The paintings which were born of this dual structure are legion: From Giotto to Goya, artists wished to create a picture in which the materiality of the painting gave way to the phenomenon. Paintings prior to Modernism are characterised by the referral of the portrayed to a literary predefined repertoire. This repertoire made the meaning of the world of pictures understandable but the repertoire itself was subject to interpretation. These repertoires comprised the Bible and legends, myths and sagas, as well as the tales from profane history.

As a direct consequence of the aesthetic means used, the themes depicted pictorially transcended this codified discourse between picture and viewer and were raised to the Status of phenomena. It was this phenomenon which gave substance, modernity and currency to the theme of the picture, which was previously predisposed to discourse.

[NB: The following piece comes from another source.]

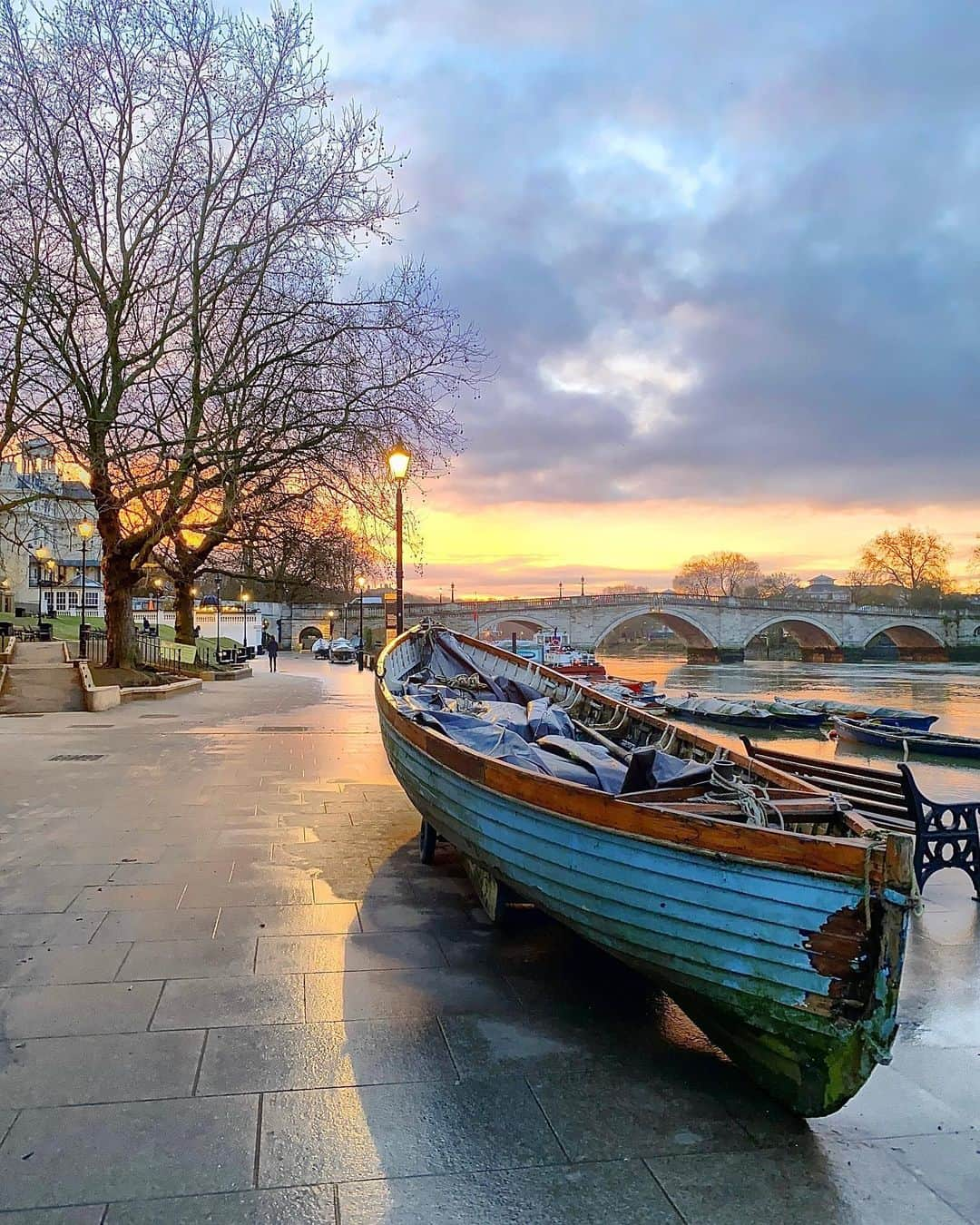 @LONDON | TAG #THISISLONDONさんのインスタグラム写真 - (@LONDON | TAG #THISISLONDONInstagram)「🌄 Stunning #Richmond riverside by @veevs 😱🥰 Slowly but surely the days are getting brighter for longer...! ☀️ Hope you had a great weekend everyone x 🤍 x ___________________________________________  #thisislondon #lovelondon #london #londra #londonlife #londres #uk #visitlondon #british #🇬🇧 #richmondriverside #londonparks」1月19日 3時26分 - london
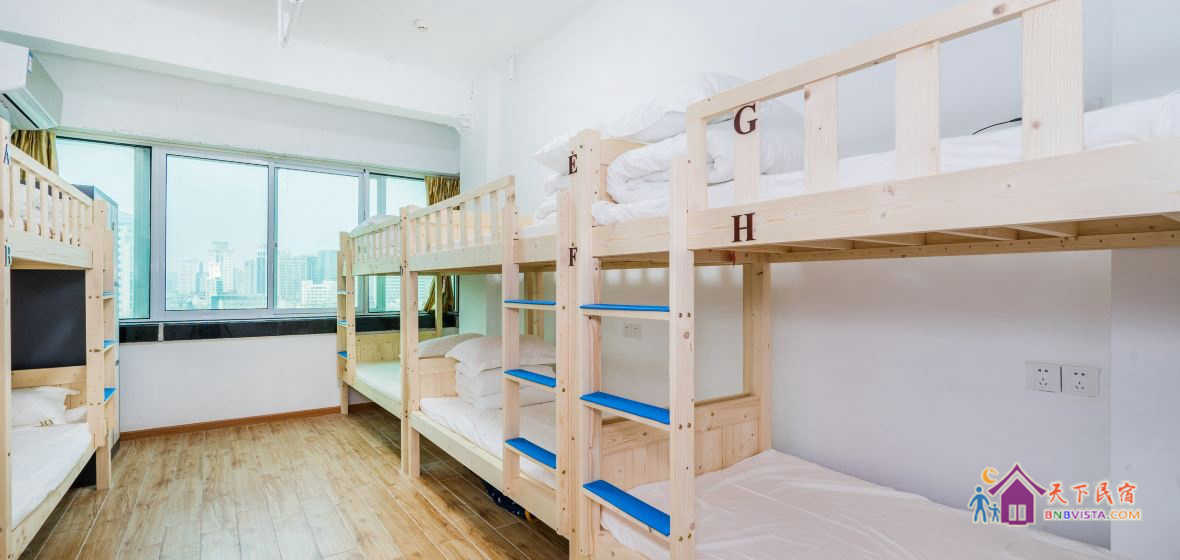 八人间(床位房)(公共卫浴)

From the late 14th Century until the late 18th Century, these Standard repertoires were constantly expanded and gradually lost their relevance: increasingly, paintings were produced which only reflected the artist. The dream world of Fuseli and the barren nature of Friedrich are examples of a trend in which not only pictorial fantasy, but also the fantasy of the artist, related purely to structure and to his artistic means, aimed to replace the previously accepted repertoires. With the onset of Impressionism, the object depicted in the picture became arbitrary. Kandinsky's "great abstraction" removed the object as the content of the work and replaced it by the structure. In "concrete art", epitomised by "art pour l'art", significans and significandum are identical.

In this way, the dual structure on which European painting since Giotto had been founded ceased to be in force. However, the term "content" was now determined by the viewer. Against this background, we are able to understand Kandinsky's words: "If, within a picture, a line is liberated from the aim of designating an object and itself becomes an object, then the inner harmony takes on its full power and is not diluted by any additional minor roles."

As a result, a painting loses its reference character; the painting itself becomes the significandum, becomes the object. Although it is possible to suggest that the European avant-garde wished to place their talents at the Service of the new picture, the newly created content required new media. However, the works of "abstract art" were not regarded by the following generation as "media for media's sake". They were no longer regarded as elements within a process, within a larger system, but as something autonomous. This reduction and emphasis on the absolute produced works (above all in the period between 1948 and 1960) that were purely patterns which served to sensitise the viewer but which had no set of reference-character signs or pictorial power. The only reference to be detected was to the artist or to a trend - and then only in nuances. However, pattern did not dominate everywhere.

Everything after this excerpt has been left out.